Chodzi mianowicie o budowę ronda Reagana i poszerzenie Mostu Szczytnickiego. Realizacja tych dwóch inwestycji jest niekompletna, jeśli nie zlikwidujemy wąskiego gardła na Moście Grunwaldzkim. Poszerzyliśmy i usprawniliśmy trasę przelotową w stronę Warszawy, ale nie do końca. Jedzie się całkiem sprawnie i nagle korkuje na Odrze. Taka sytuacja nie może trwać wiecznie.

Most Zwierzyniecki

Most Grunwaldzki nie jest jednak największym, przynajmniej w tej chwili, zmartwieniem mieszkańców części Wielkiej Wyspy – głównie tych z Biskupina i Bartoszowic.

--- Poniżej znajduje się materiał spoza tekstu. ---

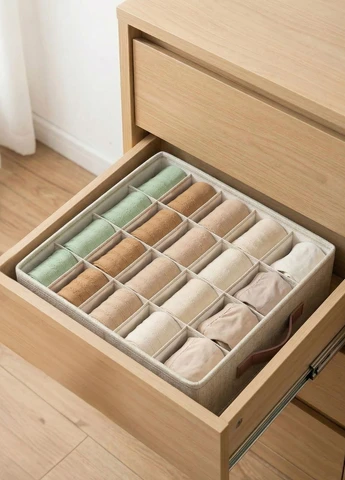 Органайзер для спідньої білизни шкарпеток в шафу та комод на 20 секцій 32х32х11 см бежевий No Brand (385863964)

- Prawdziwym problemem jest Most Zwierzyniecki, od kilku już lat przyglądam się i analizuje sytuację w tym miejscu oraz próbuję opracować optymalne rozwiązania – mówi dr Michał Wójtowicz, architekt. - Most jest piękny i zabytkowy, ale jego funkcjonalność zmniejsza się z roku na rok w zastraszającym tempie.

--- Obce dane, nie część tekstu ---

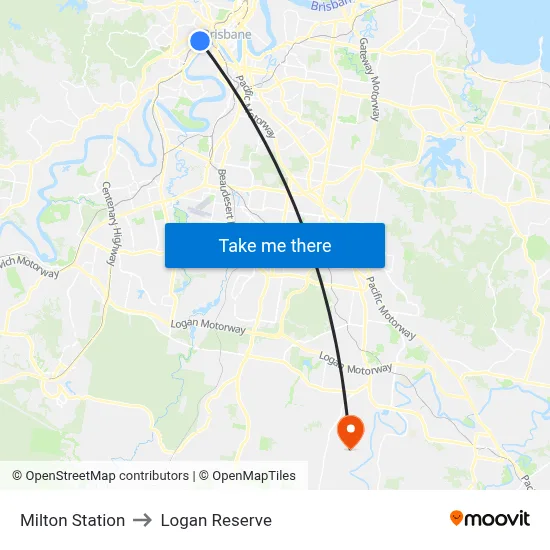 Milton Station to Logan Reserve map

Most Zwierzyniecki jest jeszcze węższym gardłem, które blokuje wyjazd z Biskupina w kierunku centrum.

- To widać jak na dłoni, gdy odbywają się jakieś większe imprezy w Hali Stulecia czy przy fontannie na Pergoli – mówi Jacek Wiśniewski, mieszkaniec Biskupina. - Dojazd pod halę jest zakorkowany, a dantejskie sceny rozgrywają się głównie na moście oraz zjeździe z niego. Most jest tak wąski, że gdy wjedzie tam tramwaj, niemożliwy staje się ruch trochę większych samochodów, nie mówiąc o ciężarówkach i autobusach. Dodatkowy galimatias powoduje to, że przed samym mostem do ruchu włączają się auta jadące od strony Sępolna.

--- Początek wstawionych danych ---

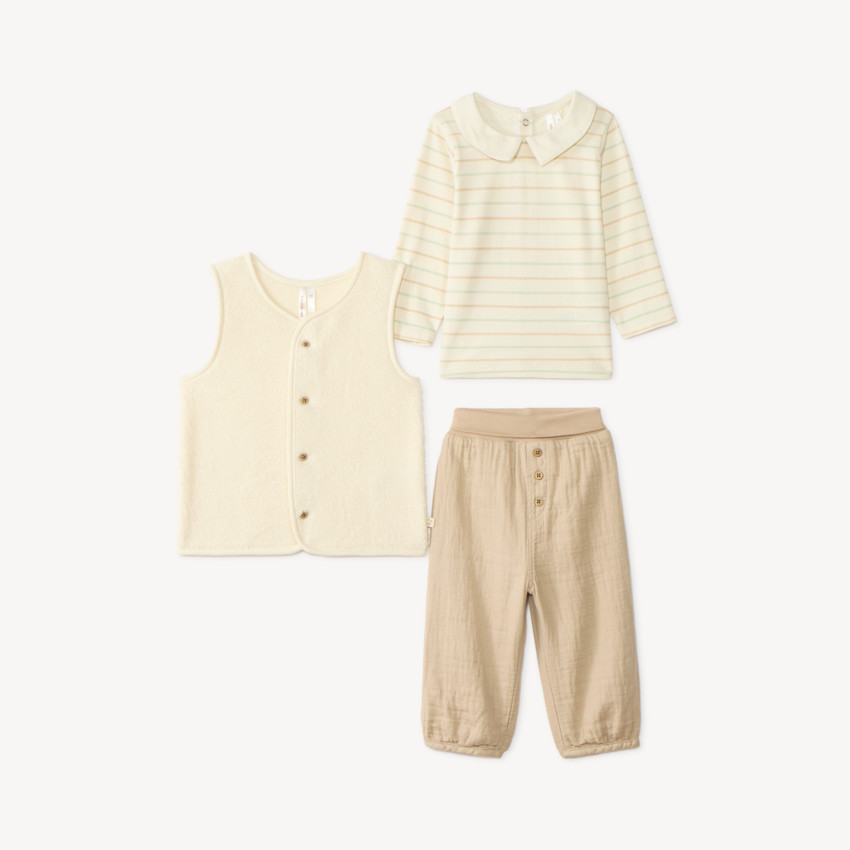 Conjunto largo de 3 piezas para bebé niño con chaleco de sherpa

Jednak nie tylko podczas imprez masowych w tym rejonie robi się problem. Każdy kierowca z Wielkie Wyspy codziennie ze zgrozą myśli o szczycie komunikacyjnym.

- W godzinach szczytu most powoduje korki zaczynające się prawie od tramwajowej pętli biskupińskiej i ciągnące się aż po rondo Reagana – mówi Waldek, taksówkarz. - Trzeba co najmniej 40 minut, by się przebić przez ten kawałek miasta. Niestety nie ma żadnej alternatywy w tym rejonie. Nawet gdybym chciał objechać, nadłożyć drogi, to i tak zakorkuję się gdzieś na Mickiewicza. Każdy taksówkarz we Wrocławiu potwierdzi, że unika jak może kursów na Biskupin i w ogóle na Wielką Wyspę w środku dnia.

Problem zauważają również specjaliści od infrastruktury drogowej w naszym mieście.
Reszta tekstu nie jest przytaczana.